According to Jones, a “powerful”medium for obtaining student feedback regarding the university’s Return to Campus policy has been her contact tracing team. As contact tracers from the School of Nursing have called students who tested positive for COVID-19 alongside their close contacts, they have been able to personally hear about students’ opinions regarding Return to Campus protocols.

“The contact tracers have spent hours and hours talking to students at their most vulnerable time,” Jones said. “There’s been a continual feedback loop from that team, and it’s a very people-centered approach.”

These conversations, which Jones credits for revealing unmet student needs, have helped the administration update its Return to Campus policies this spring. Jones and Kopstain noted that student emphasis on the importance of physical activity for mental health and well-being partly informed the university’s decision to begin reopening the Recreation and Wellness Center on Feb. 7.
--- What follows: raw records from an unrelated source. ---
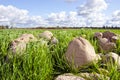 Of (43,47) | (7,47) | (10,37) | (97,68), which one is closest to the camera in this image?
(97,68)

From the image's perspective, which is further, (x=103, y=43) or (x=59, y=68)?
(x=103, y=43)

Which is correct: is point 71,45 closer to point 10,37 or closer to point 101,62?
point 101,62

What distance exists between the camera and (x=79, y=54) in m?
6.05

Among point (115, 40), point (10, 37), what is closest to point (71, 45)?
point (115, 40)

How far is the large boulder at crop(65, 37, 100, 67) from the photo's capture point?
237 inches

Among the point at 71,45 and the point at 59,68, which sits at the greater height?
the point at 71,45

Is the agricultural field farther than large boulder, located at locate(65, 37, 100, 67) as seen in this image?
No

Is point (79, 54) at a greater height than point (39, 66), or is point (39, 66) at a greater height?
point (79, 54)

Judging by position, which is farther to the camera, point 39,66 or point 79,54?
point 79,54

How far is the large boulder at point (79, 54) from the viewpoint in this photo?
237 inches

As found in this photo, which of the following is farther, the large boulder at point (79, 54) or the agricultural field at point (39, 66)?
the large boulder at point (79, 54)

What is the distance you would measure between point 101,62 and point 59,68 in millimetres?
895

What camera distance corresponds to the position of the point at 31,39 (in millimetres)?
6938

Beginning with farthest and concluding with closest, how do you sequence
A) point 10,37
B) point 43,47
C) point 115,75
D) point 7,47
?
point 10,37, point 7,47, point 43,47, point 115,75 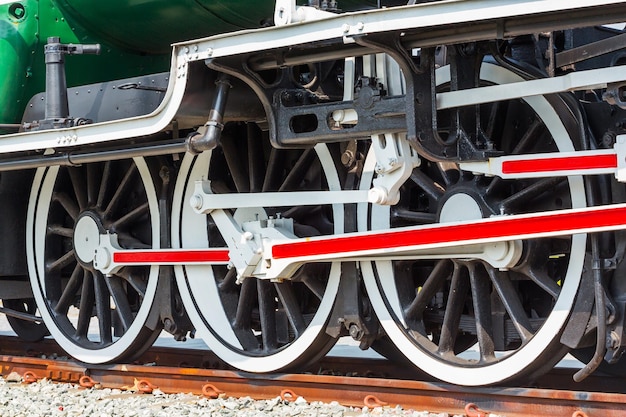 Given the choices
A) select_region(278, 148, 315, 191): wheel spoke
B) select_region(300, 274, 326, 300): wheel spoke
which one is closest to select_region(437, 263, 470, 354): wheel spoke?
select_region(300, 274, 326, 300): wheel spoke

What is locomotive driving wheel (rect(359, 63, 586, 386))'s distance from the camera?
14.1 ft

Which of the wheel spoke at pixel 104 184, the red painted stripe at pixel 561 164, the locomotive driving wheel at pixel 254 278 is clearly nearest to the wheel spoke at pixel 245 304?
the locomotive driving wheel at pixel 254 278

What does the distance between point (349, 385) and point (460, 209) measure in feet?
3.25

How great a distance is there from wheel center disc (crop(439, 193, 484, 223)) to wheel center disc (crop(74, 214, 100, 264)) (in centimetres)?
229

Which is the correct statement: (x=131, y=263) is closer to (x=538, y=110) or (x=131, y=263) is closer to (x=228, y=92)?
(x=228, y=92)

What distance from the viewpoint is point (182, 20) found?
555cm

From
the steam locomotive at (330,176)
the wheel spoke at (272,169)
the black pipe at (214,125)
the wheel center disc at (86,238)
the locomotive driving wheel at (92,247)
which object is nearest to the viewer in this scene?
the steam locomotive at (330,176)

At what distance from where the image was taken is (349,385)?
4.84 meters

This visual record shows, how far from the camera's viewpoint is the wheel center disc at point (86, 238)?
6.01 m

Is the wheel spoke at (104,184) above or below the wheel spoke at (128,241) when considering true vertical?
above

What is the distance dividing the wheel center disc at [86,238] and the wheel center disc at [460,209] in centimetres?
229

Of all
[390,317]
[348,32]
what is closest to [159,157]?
[390,317]

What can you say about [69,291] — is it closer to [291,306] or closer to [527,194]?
[291,306]

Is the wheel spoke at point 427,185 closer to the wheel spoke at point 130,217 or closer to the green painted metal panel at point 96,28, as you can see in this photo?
the green painted metal panel at point 96,28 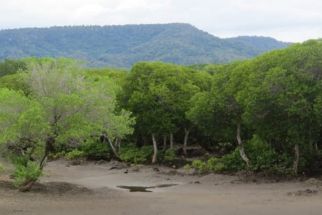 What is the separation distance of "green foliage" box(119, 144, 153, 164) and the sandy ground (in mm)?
7594

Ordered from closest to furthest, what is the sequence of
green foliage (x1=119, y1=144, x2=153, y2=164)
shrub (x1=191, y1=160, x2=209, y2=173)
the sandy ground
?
the sandy ground → shrub (x1=191, y1=160, x2=209, y2=173) → green foliage (x1=119, y1=144, x2=153, y2=164)

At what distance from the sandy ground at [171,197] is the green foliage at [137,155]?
7.59 meters

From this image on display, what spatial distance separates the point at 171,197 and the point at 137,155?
19.5 m

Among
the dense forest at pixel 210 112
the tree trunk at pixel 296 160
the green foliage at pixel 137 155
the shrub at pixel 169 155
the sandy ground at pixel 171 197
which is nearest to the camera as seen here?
the sandy ground at pixel 171 197

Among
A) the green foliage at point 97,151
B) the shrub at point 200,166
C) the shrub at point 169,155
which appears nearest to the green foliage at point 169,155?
the shrub at point 169,155

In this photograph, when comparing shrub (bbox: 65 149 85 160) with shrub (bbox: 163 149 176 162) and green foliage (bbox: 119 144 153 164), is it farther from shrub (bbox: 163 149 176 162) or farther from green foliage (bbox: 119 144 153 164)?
shrub (bbox: 163 149 176 162)

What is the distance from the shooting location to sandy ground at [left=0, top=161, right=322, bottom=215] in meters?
22.9

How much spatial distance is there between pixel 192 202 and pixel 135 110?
20522 mm

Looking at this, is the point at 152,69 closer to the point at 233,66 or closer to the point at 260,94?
the point at 233,66

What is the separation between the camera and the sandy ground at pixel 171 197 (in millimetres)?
22863

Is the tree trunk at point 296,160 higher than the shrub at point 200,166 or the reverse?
higher

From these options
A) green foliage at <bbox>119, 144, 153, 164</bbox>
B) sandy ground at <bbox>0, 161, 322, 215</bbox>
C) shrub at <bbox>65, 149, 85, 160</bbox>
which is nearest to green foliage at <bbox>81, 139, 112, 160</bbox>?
shrub at <bbox>65, 149, 85, 160</bbox>

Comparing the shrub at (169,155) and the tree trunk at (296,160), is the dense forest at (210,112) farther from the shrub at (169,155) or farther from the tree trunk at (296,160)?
the shrub at (169,155)

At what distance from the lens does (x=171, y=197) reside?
2766cm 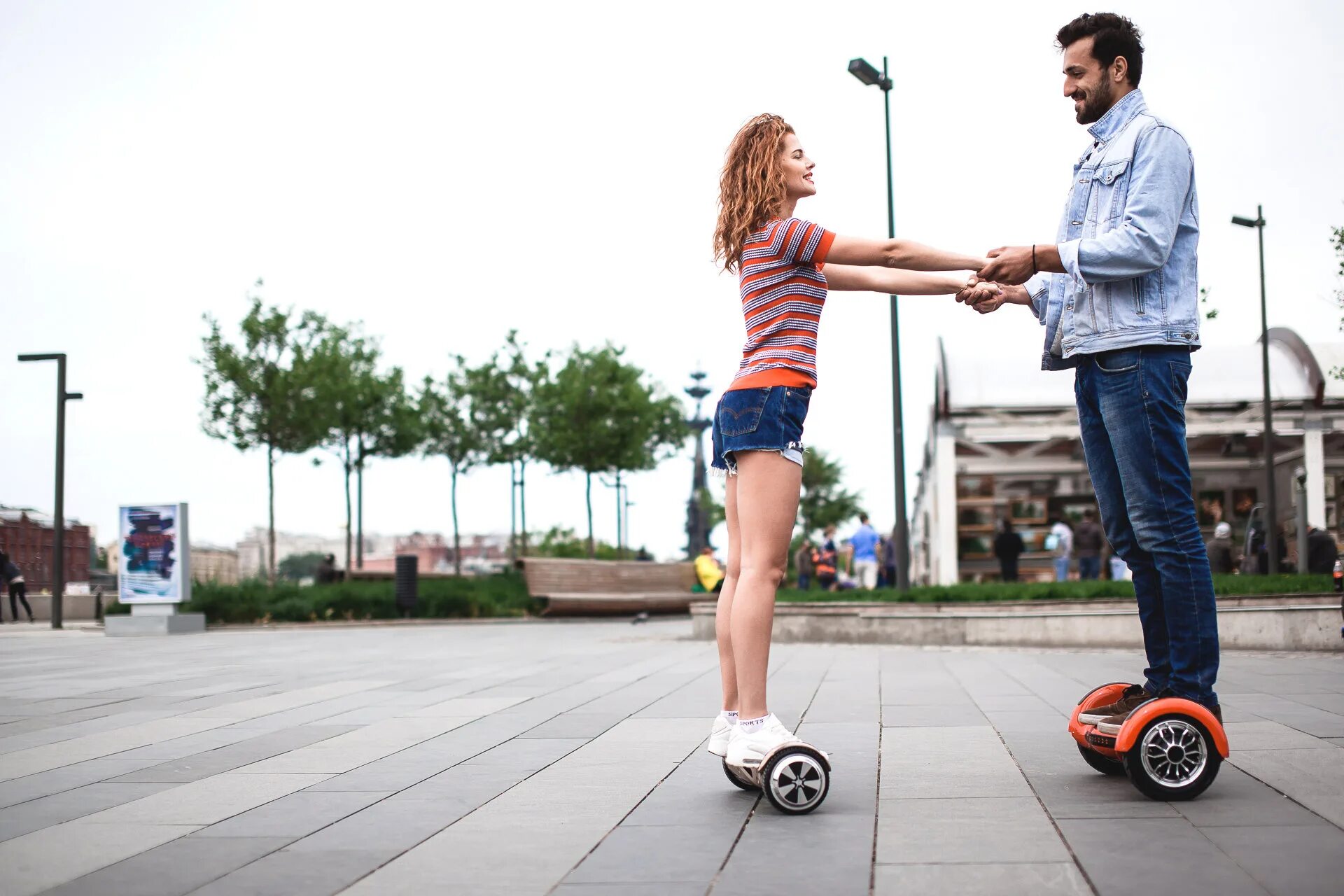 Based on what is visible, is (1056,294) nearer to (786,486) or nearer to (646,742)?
(786,486)

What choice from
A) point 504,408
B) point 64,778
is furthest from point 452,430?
point 64,778

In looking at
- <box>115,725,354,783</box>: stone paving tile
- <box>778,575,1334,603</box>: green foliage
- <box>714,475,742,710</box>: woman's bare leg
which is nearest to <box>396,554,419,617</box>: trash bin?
<box>778,575,1334,603</box>: green foliage

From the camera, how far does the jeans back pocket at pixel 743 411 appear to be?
12.1 ft

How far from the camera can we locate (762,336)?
3807 millimetres

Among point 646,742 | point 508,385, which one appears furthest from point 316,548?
point 646,742

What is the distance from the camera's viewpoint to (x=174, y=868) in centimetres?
296

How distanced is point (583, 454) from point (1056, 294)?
27.5 metres

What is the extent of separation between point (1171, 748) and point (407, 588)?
1955cm

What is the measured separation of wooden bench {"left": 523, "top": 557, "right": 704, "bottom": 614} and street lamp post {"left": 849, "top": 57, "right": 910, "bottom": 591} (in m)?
7.40

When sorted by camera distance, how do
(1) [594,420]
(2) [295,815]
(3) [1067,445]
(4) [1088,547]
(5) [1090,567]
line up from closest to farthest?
(2) [295,815] < (4) [1088,547] < (5) [1090,567] < (3) [1067,445] < (1) [594,420]

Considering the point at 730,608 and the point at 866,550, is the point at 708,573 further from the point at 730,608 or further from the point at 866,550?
the point at 730,608

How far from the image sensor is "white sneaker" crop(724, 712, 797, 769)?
11.7ft

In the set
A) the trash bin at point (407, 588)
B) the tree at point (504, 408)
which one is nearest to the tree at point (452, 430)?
the tree at point (504, 408)

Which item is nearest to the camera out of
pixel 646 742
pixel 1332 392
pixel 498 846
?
pixel 498 846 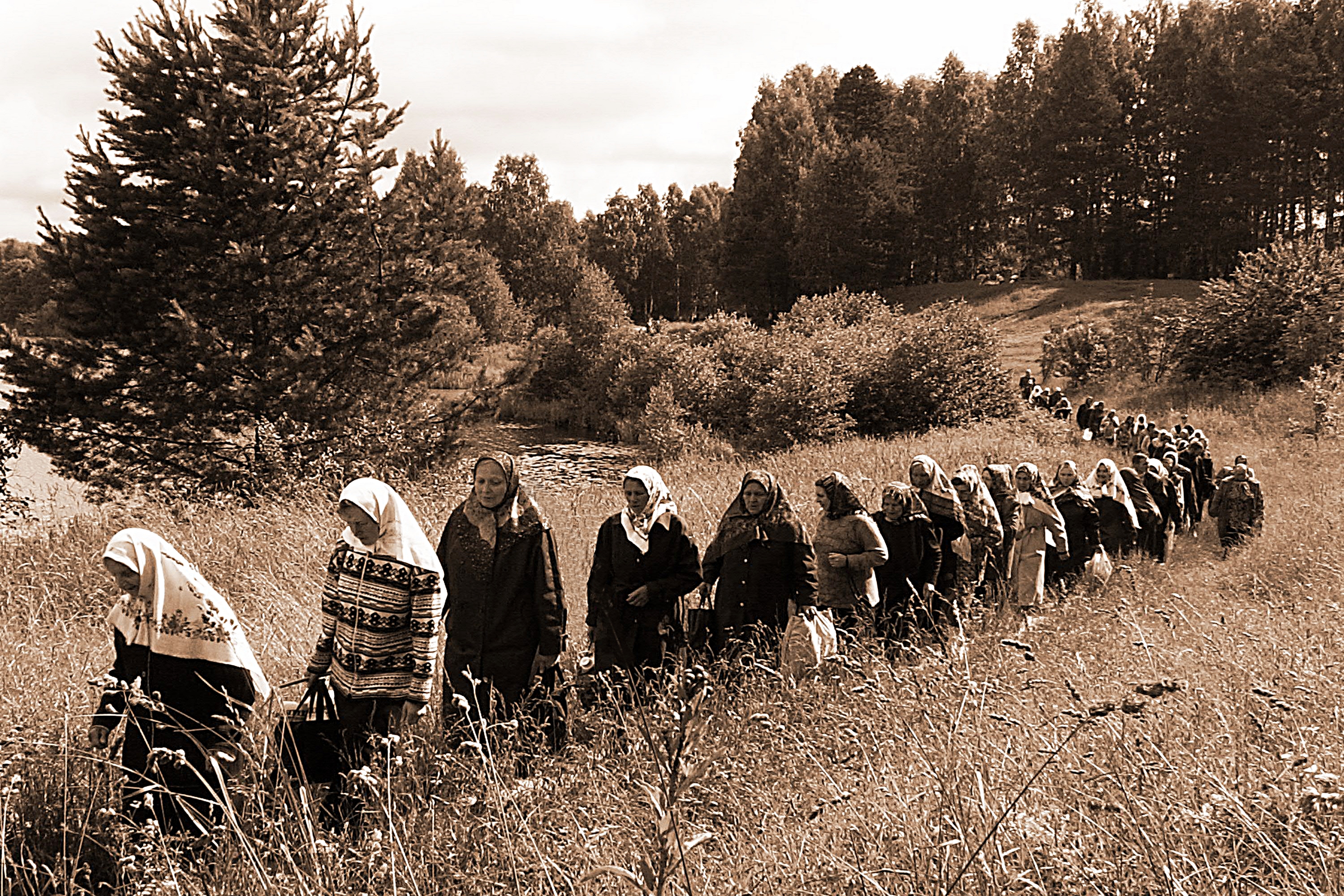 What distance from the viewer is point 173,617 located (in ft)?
12.2

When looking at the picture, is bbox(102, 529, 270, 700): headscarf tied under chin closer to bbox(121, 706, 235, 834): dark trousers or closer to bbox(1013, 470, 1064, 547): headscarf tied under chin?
bbox(121, 706, 235, 834): dark trousers

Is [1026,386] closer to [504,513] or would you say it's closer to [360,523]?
[504,513]

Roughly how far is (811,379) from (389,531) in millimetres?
23234

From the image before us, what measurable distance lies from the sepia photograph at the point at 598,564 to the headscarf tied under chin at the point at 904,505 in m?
0.05

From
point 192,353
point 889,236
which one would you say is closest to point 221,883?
point 192,353

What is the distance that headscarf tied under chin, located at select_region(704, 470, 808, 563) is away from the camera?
5.90m

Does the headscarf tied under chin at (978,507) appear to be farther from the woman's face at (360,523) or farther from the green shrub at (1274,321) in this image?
the green shrub at (1274,321)

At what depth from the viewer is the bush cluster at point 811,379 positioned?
26312 mm

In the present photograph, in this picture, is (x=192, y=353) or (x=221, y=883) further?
(x=192, y=353)

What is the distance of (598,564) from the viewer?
5.59 m

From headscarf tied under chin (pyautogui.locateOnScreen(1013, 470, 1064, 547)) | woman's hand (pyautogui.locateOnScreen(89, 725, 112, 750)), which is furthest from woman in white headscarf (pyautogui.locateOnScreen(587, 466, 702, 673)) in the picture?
headscarf tied under chin (pyautogui.locateOnScreen(1013, 470, 1064, 547))

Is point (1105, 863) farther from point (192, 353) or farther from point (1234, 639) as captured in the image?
point (192, 353)

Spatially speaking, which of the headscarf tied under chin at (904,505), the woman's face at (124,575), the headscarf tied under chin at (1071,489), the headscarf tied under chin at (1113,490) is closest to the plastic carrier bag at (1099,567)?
the headscarf tied under chin at (1071,489)

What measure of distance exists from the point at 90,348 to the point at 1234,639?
15938mm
Regarding university feedback toward students, Jones praised the community’s ability to band together to support the school’s reopening of on-campus operations.

“The biggest lesson [from the fall] is our students and community in general were really amazing at doing what needed to be done,” Jones said. “We had a great sense of responsibility, and we saw clear evidence of people taking care of one another and trying to do the right thing.”

In-person classes

Kopstain reported that more Vanderbilt students are studying non-remotely this spring relative to the fall. With students returning to campus this spring after studying remotely last semester, more on-campus students are enrolled in in-person classes than last semester.

The university is also reportedly offering more in-person classes this spring than the fall, per Kopstain.

“While I don’t have the exact statistics on in-person classes, I do know that we are offering a larger number of in-person classes this semester,” Kopstain said.

Vaccination prospects and future expectations

As the university continues its efforts to restore the traditional in-person Vanderbilt experience, a university-wide vaccination program has emerged as a potential facilitator of a return to normalcy. While Vanderbilt has historically vaccinated thousands of people with the flu vaccine at Flulapalooza, which was replaced this year with the Avoid the Flu at VU campaign, Jones emphasized that the challenges of social distancing and post-vaccination observation time complicate the prospect of a COVID-19 mass-vaccination event.

“The nuances of how you give this vaccine versus a flu vaccine are pretty big,” Jones said. “It requires additional observation time, and obviously, social distancing requires a different throughput than we could do with Flulapalooza.”

As the university continues to learn new information about COVID-19 and members of the Vanderbilt community continue to give feedback on Return to Campus protocol, Jones said that the university may update its policies as it did between the fall and spring semesters.

“This is a work in process, and we make decisions based on the best available evidence and data at the time,” Jones said. “It requires all of us to be really flexible and really facile.”